[[ Materials provided open ]]
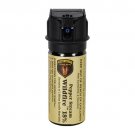 Wildfire 2 ounce 18% Flip top Actuator Pepper Spray Stream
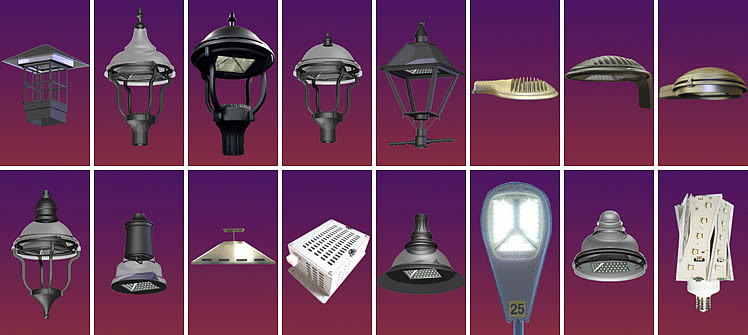 New Solid State Lighting: Monarch Series by Niland Co.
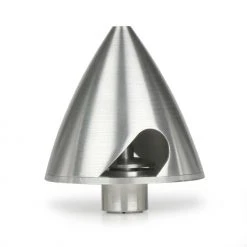 E-flite 2.00" Aluminum Spinner with 4mm & 5mm Collets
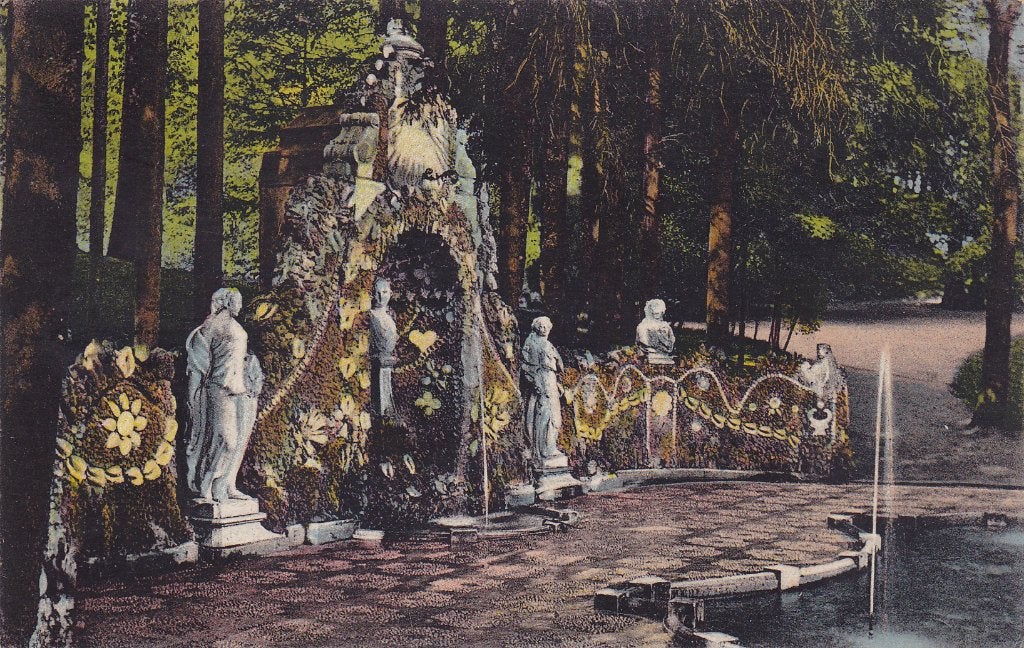Arnhem. Ansichtkaart: Rozendaal.  **, Ophalen of Verzenden, 1920 tot 1940, Ongelopen, Gelderland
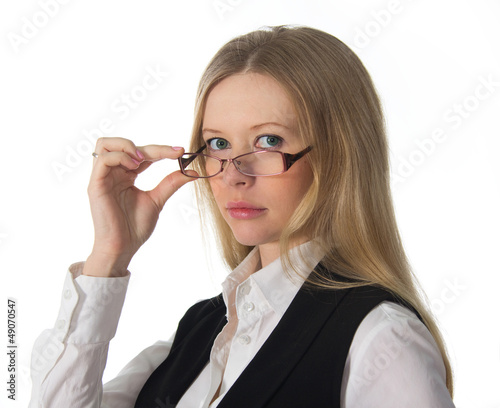 Photo: Business woman Business woman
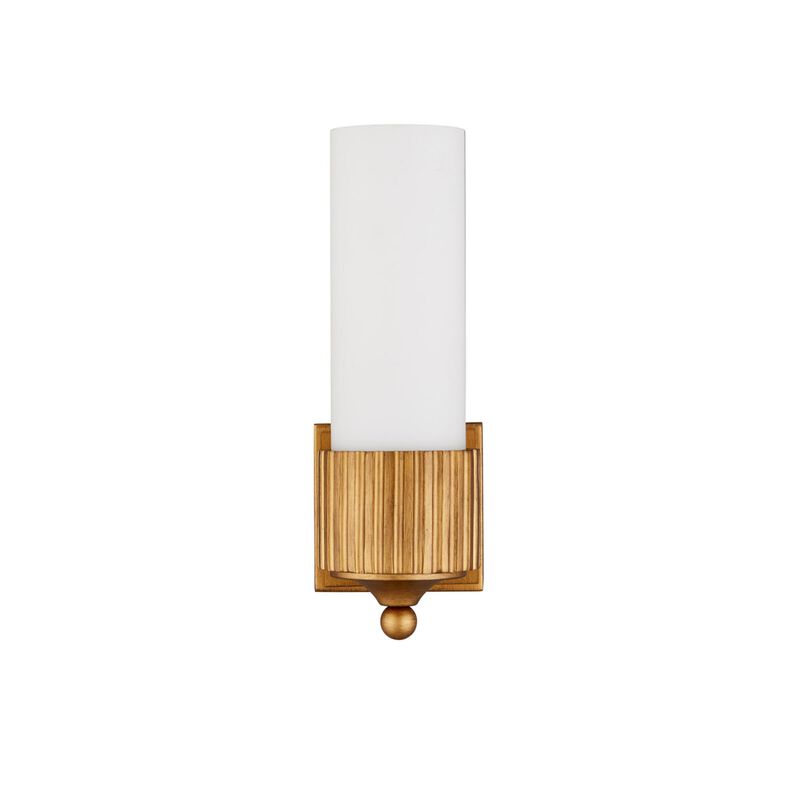 Barry Goralnick Bryce 5 Inch Wall Sconce by Currey and Company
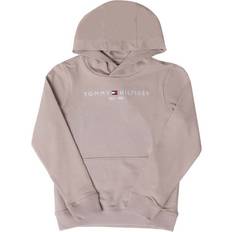 Tommy Hilfiger Sudaderas con capucha Tommy Hilfiger TH Established Essential Logo Hoody Neutral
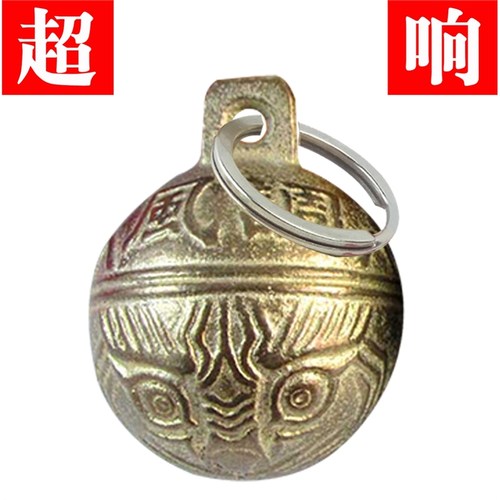 超响狗狗铃铛宠物猫咪小中大型犬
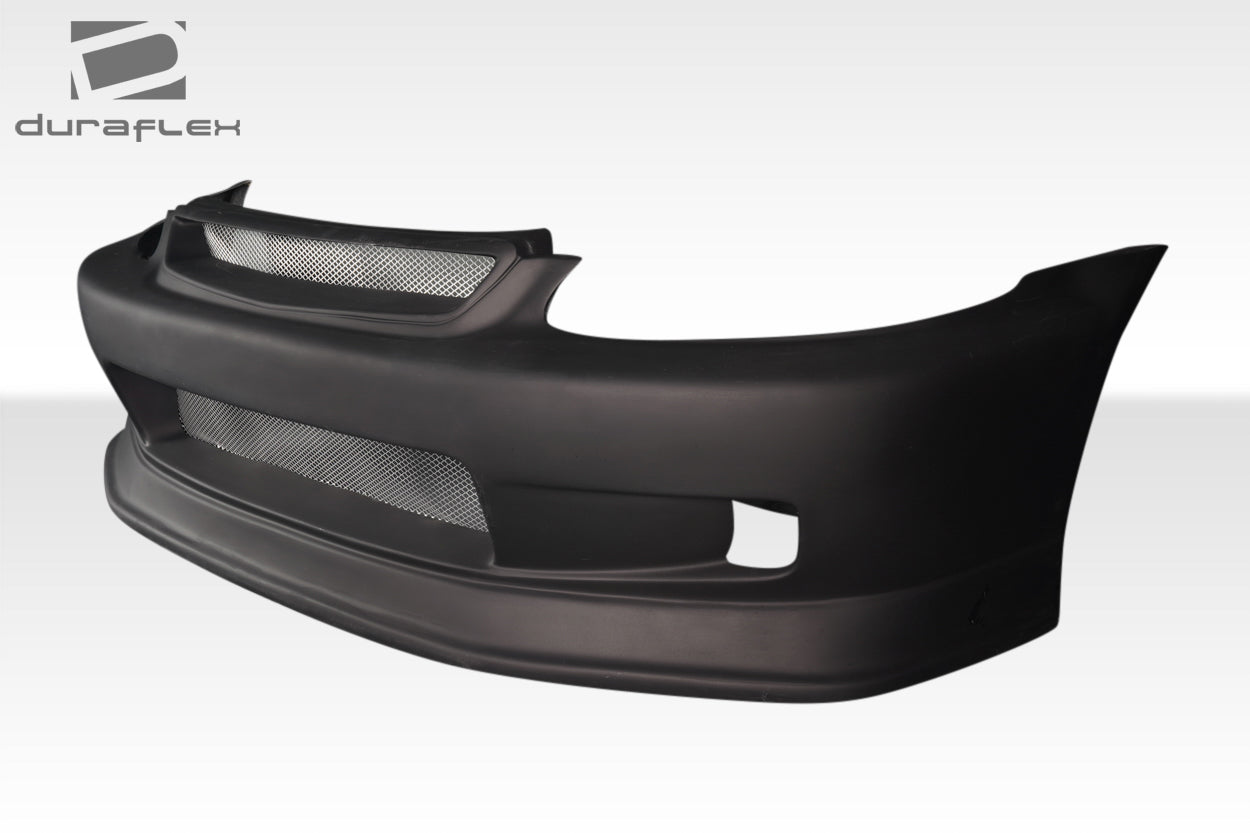 Duraflex Joker Front Bumper Cover Cover Compatible With 1999-2000 Honda Civic - 1 Piece - 119182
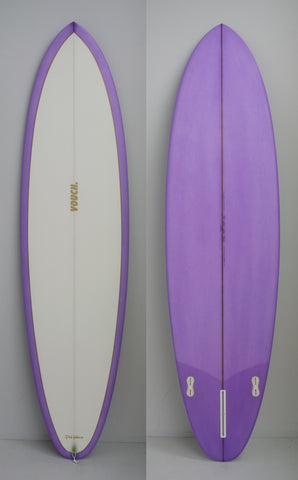 7'2" Vouch Nuevo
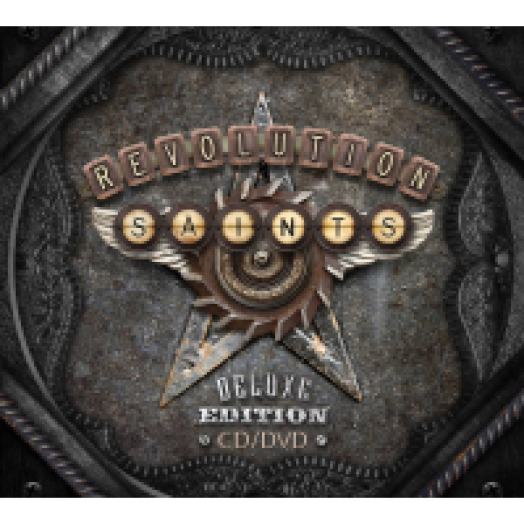 Revolution Saints (Deluxe Edition) CD+DVD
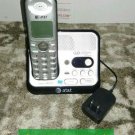 AT&T EL52200 DECT 6.0 Cordless Phone w Digital Answering
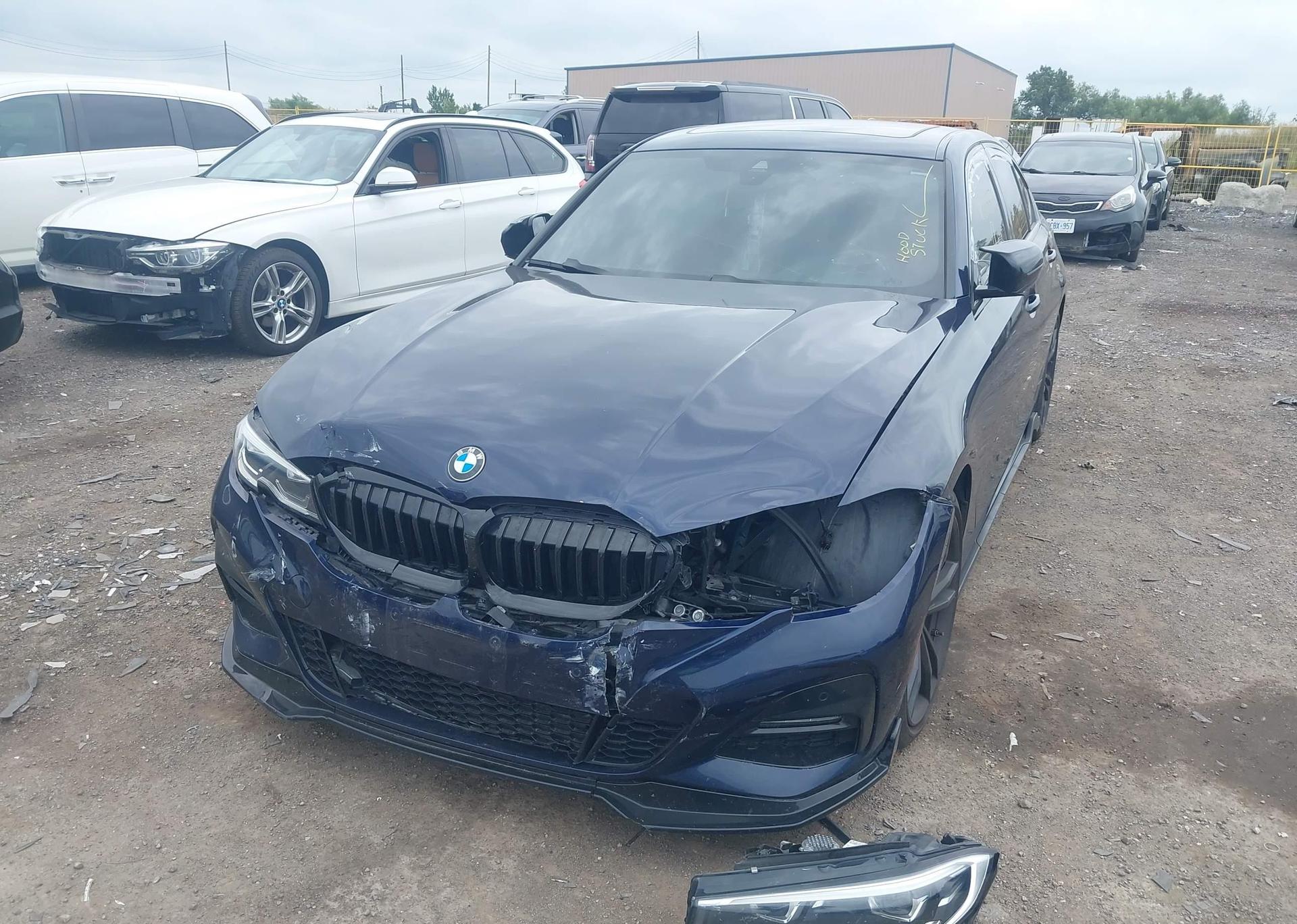 2021 BMW 330I XDRIVE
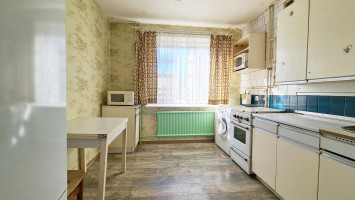 Parduodamas butas Krymo g., Lieporiai, Šiaulių m., Šiaulių m. sav., 49.88 m² ploto 2 kambariai 15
[[ Materials provided closed ]]
## Instructions to follow
Please retype the lines from the one containing "2021 BMW 330I XDRIVE" through the last line of the records above, exactly as written, and leave out any pictures.

## Output
 2021 BMW 330I XDRIVE
 Parduodamas butas Krymo g., Lieporiai, Šiaulių m., Šiaulių m. sav., 49.88 m² ploto 2 kambariai 15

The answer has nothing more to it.